Thursday, June 17, 2010

I Think I Have Something in My Eye



I consider myself to be a pretty manly guy. I drink my whiskey straight, I enjoy the occasional cigar with my friends, and one of my all time favorite movies is Rudy. Now, having said all of this I’ll admit, even I sometimes have my vulnerable moments.

Now, the story which I’m about to get into, it actually took place several months ago. I know I could have posted it back then, but I’ll level with you – I needed this time to come to terms with what happened.

It must have been November or December of last year, I just remember it was cold out; Wifey and I were sitting on our couch one weekend afternoon not knowing what to do with ourselves. For those of you who have spent a considerable amount of time in the Northeast, you can appreciate that a winter in Boston is no time for leisurely outdoor activities. From October through March, we Boston residents just hunker down in our sweatpants, and make sure that we’re stocked up on blankets, DVD’s, and do our best to weather the storm.

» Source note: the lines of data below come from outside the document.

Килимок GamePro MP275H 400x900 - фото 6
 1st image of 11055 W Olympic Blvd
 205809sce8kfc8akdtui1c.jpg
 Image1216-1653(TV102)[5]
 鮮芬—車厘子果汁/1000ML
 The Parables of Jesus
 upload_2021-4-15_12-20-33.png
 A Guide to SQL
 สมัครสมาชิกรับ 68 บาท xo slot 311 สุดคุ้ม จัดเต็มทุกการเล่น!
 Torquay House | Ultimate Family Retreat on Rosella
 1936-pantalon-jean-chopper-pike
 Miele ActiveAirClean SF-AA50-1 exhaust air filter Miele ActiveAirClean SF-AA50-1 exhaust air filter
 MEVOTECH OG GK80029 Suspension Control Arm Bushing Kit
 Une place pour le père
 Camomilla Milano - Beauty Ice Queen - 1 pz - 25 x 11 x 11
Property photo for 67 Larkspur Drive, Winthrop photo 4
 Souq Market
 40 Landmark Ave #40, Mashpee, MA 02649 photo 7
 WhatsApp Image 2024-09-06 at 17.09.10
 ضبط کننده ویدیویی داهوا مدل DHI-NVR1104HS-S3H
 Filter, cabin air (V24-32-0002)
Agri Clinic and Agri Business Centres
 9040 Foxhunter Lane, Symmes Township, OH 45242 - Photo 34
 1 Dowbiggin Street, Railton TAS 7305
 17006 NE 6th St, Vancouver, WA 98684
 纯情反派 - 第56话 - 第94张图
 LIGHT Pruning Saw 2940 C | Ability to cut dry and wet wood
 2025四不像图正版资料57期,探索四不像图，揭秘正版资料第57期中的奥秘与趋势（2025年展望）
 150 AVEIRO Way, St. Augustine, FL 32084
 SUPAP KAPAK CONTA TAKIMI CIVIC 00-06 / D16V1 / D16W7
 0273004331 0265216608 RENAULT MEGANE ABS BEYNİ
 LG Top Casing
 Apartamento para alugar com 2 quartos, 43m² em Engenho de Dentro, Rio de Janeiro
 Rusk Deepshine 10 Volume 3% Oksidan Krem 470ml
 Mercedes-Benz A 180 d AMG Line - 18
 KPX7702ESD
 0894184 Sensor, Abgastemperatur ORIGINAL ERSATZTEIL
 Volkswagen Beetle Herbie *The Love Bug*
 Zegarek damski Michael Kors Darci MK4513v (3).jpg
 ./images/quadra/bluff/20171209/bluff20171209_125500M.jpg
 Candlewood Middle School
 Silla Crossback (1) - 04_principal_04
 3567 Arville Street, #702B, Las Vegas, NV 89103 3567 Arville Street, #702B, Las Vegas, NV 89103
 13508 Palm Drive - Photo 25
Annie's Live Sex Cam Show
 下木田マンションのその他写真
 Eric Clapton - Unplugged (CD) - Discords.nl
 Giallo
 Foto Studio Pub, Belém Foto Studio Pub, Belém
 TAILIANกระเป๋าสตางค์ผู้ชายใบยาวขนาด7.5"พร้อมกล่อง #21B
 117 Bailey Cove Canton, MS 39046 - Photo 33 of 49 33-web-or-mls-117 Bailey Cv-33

Wifey and I finally figure out that since there’s no way either of us are getting out of our sweats, I guess the only thing to take up some time on this Saturday would be to rent a movie. We decide to rent “Marley & Me”.

“Marley & Me”, for those of you who don’t know, looks like it’s going to be one of those lame romantic comedies… you put Jennifer Aniston and Owen Wilson together, and then you throw in a Labrador retriever who pulls all kinds of shenanigans, and bing bang boom – you got yourself movie magic. For anyone who hasn’t seen the movie yet, you may want to stop reading here, although it doesn’t really take a rocket scientist to figure out how the movie ends. The dog ends up dying.

Now, I’m certainly no rocket scientist (although I do love rockets), and even I, a simpleton, knew going into this movie that the dog was going to die at the end. You would think that I’d be prepared for it. Nope.

I was WEEPING, and I don’t mean that I shed a tear when Owen Wilson said goodbye to his dog, I mean I was full on sobbing like a child. There were tears streaming down my face, I had snot running down my nose, I even had those barely audible soft sobs going on. It was bad. I looked like Brett Favre during one his retirement speeches, but worse! I was crying so hard that even Wifey (who was also crying) was taken aback.






Yeah, that’s right. I cried, and I cried good and hard. I’m not ashamed to say it. I’d like to see any grown man get through that movie without shedding a tear. I’ll even go so far as to say that if you can do it, I’ll be the first to buy you a beer. And then I’ll never speak to you again, cause you have to be one cruel, dog-hating son-of-a-bitch not to shed a tear during that movie.


So, after that ‘episode’ finally ended, I was left red-eyed and thinking to myself – did I really just cry that hard at a movie? But you know what? I’m starting to think that I’m OK with it. Look, just cause I cried at a movie, doesn’t mean that I’m any less of a man. I still enjoy football just as much, and still believe that shoulder bags should be reserved solely for women and Europeans – I just have a soft spot for dogs.

I’ve said it before, and I’ll say it again… Get this man a puppy!